Published March 6, 2013 at 2:51 p.m.

Taryn Noelle in American Vinyl
  • Taryn Noelle in American Vinyl

More good news for A Band Called Death, the little Vermont-made rockumentary that could. Drafthouse Films has announced plans to distribute the doc from directors Jeff Howlett and Mark Covino, which will screen at SXSW next week. A summer theatrical release is planned, so we hope to see the flick on local screens.


The success of Death reminds us that rock and roll is a perfect setting for underdog stories. Next Tuesday at Nectar’s, Burlington director David Metzger will premiere his fictional take on the theme of talent struggling to be heard, a narrative feature called American Vinyl set in the Burlington music scene.

Metzger, a 2005 graduate of Burlington College’s film program, says his love of local live music inspired the film. “Most films about musicians are from the point of view of the wide-eyed up-and-comer … or the has-been seeking redemption,” he writes in an email. “I wanted to make a movie about a middle-aged woman who is just starting ... going into that local bar and getting on that stage hoping that someone will enjoy her music.”

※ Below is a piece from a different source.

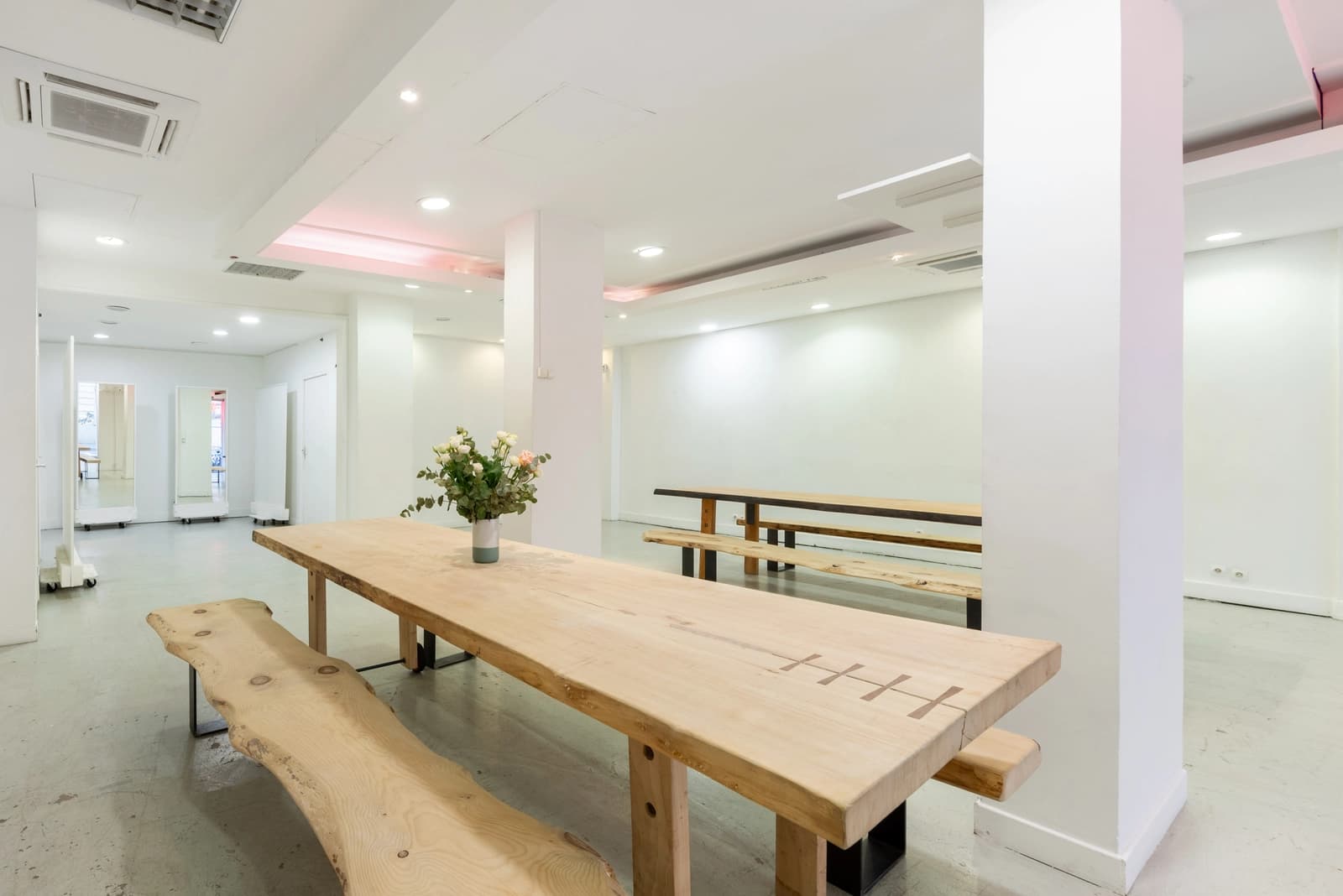 Meeting room in Light-filled design space - 1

That tentative singer-songwriter is played by local chanteuse Taryn Noelle, who based the character on one she’s been developing for a stage musical. John J. Kross is a charismatic singer-comedian who asks her to join his tour, and Natalie Miller of Spark Arts plays his acerbic bandmate, who isn’t so sure about the newcomer’s potential. Interspersed interviews with local musicians, including Brett Hughes and Justin Levinson, underline universal aspects of the story.

Metzger shot American Vinyl in 18 days last summer on his Canon T3i — much of it at Nectar’s and Metronome. Washes of color from the stage lights create a dreamlike atmosphere, familiar to all those who’ve worshipped at the temple of local music — or tried their luck on stage.

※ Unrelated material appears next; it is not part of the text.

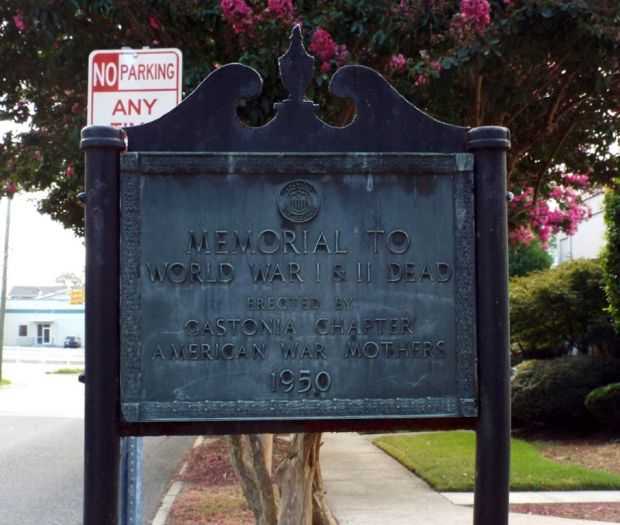 GASTONIA WORLD WAR I & II WAR DEAD MEMORIAL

"American Vinyl" premiere screening. Tuesday, March 12, doors at 7 p.m. at Nectar’s in Burlington. Free.


Miss the Vermont International Film Festival? This weekend, you have another chance to see four hits from last fall’s fest on a big screen, including the acclaimed global-warming documentary Chasing Ice. See more info below.

Vermont International Film Festival Showcase. Saturday, March 9: "Chasing Ice" (1 p.m.), "Green" (3 p.m.). Sunday, March 10: "Detropia" (1 p.m.); "Where Do We Go Now?" (3 p.m.). All at the ECHO Lake Aquarium and Science Center, Burlington. $5-10 per film.


Calling all comics fans: The makers of Cartoon College, a documentary about the Center for Cartoon Studies in White River Junction, hope to screen their film at Merrill’s Roxy Cinemas on April 6. But first they need to sell enough tickets via Tix will go on sale March 8 for the effort to bring the film — and a Q&A with cartoonists such as James Sturm — to the Queen City.

Cartoon College campaign:


Cute, or über-cute? Royalton couple Myra and Jim Hudson used their natural resources — kids and ponies — to make a feature-length Western with a cast composed entirely of youngsters. Watch the trailer for Pasghetti Western on YouTube.


Want to appear in a documentary? This Friday and Sunday, Burlington’s Dreamlike Pictures will be at Off Center for the Dramatic Arts to film two performances of a one-man show by nonagenarian Garry Davis, who lives in Burlington but considers himself a citizen of all nations. Footage from the performances will feature in a full-length documentary about Davis from California-based director Arthur Kanegis.

"My Country Is the World and the World Is My Stage: The True Story of Garry Davis." Friday, March 8, 7 p.m. (in English) and Sunday, March 10, 2 p.m. (in French) at Off Center for the Dramatic Arts in Burlington. $5 suggested donation. No late seating.